Henoch został wzięty do Nieba, aby zobaczyć co miał zobaczyć, a potem wrócił na okres roku ziemię i spisał co widział. Ile mogła potrwać jego podróż w Niebie ?

I Księga Henocha; 6 Pozostawimy cię na jeden rok z twoimi dziećmi, aż odzyskasz moc, abyś mógł pouczyć twoje dzieci i dla nich spisać [ te rzeczy ] i dać o nich świadectwo wobec wszystkich twoich dzieci. Drugiego roku zabiorą cię od nich.

  • Myślisz, że są jakieś szablony ?
  • ……. – patrzę na Piotra i nie mogę uwierzyć.

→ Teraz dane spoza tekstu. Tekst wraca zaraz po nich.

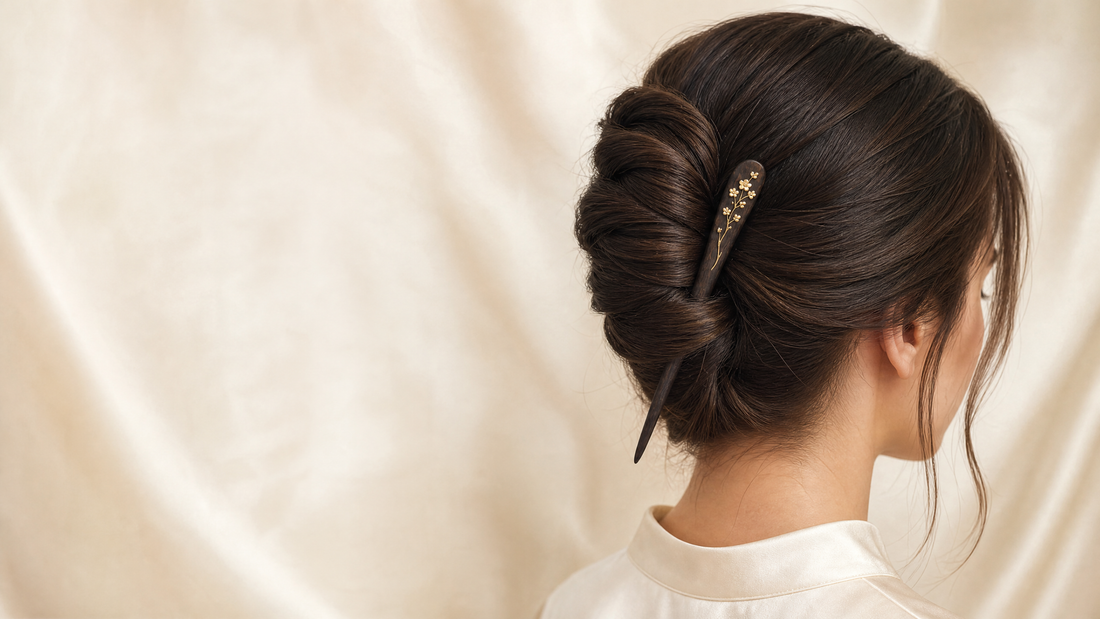 A dark wood floral hair stick securing an elegant French twist.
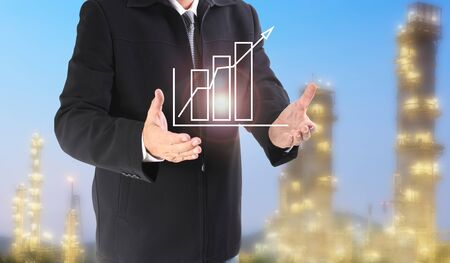 Double exposure of businessman standing area of refinery oil and gas projectの写真素材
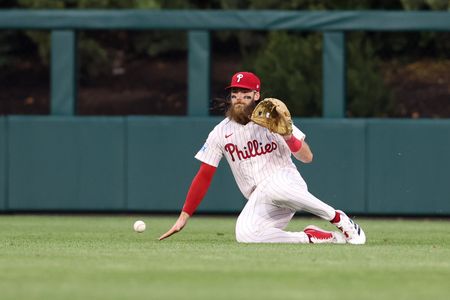 Phillies rally from four-run deficit to repel Rays in extras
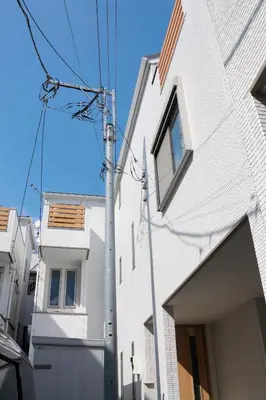 a white building with a pole next to it at SunRise STAY Haruna in Tokyo
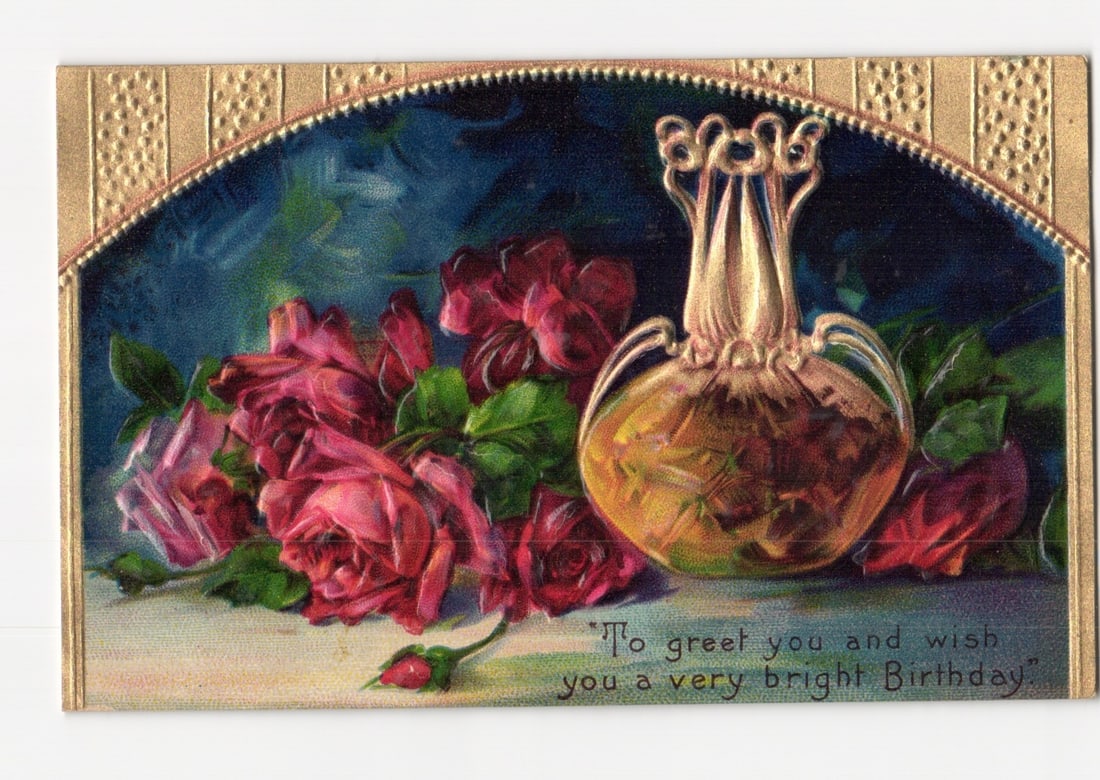 Embossed Birthday Greetings Postcard Featuring Red Roses and Ornate Perfume Bottle, Printed in: A central ornate, gold-toned perfume bottle with a stopper-like top is positioned to the right. To its left, a generous cluster of deep red roses and green leaves fills the lower-left quadrant of the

  • Ty umrzesz ???!!! … Nieeeee – pocieszam sama siebie.
  • Musisz mi potem dyktować, więc nie umrzesz … To o co chodzi ?! – jestem zdruzgotana tym odkryciem, że jego nieobecność może trochę potrwać.
  • A może ty jednak do zakonu pójdziesz po prostu… ? Tam nie ma telefonu, internetu, odcięty od świata, faktycznie nie będzie z tobą kontaktu …
  • A może jednak umrę… ? – Piotr kiwa głową wkurzając mnie tym gadaniem niesamowicie.
  • Nie strasz jej.
  • Będzie całkiem inaczej.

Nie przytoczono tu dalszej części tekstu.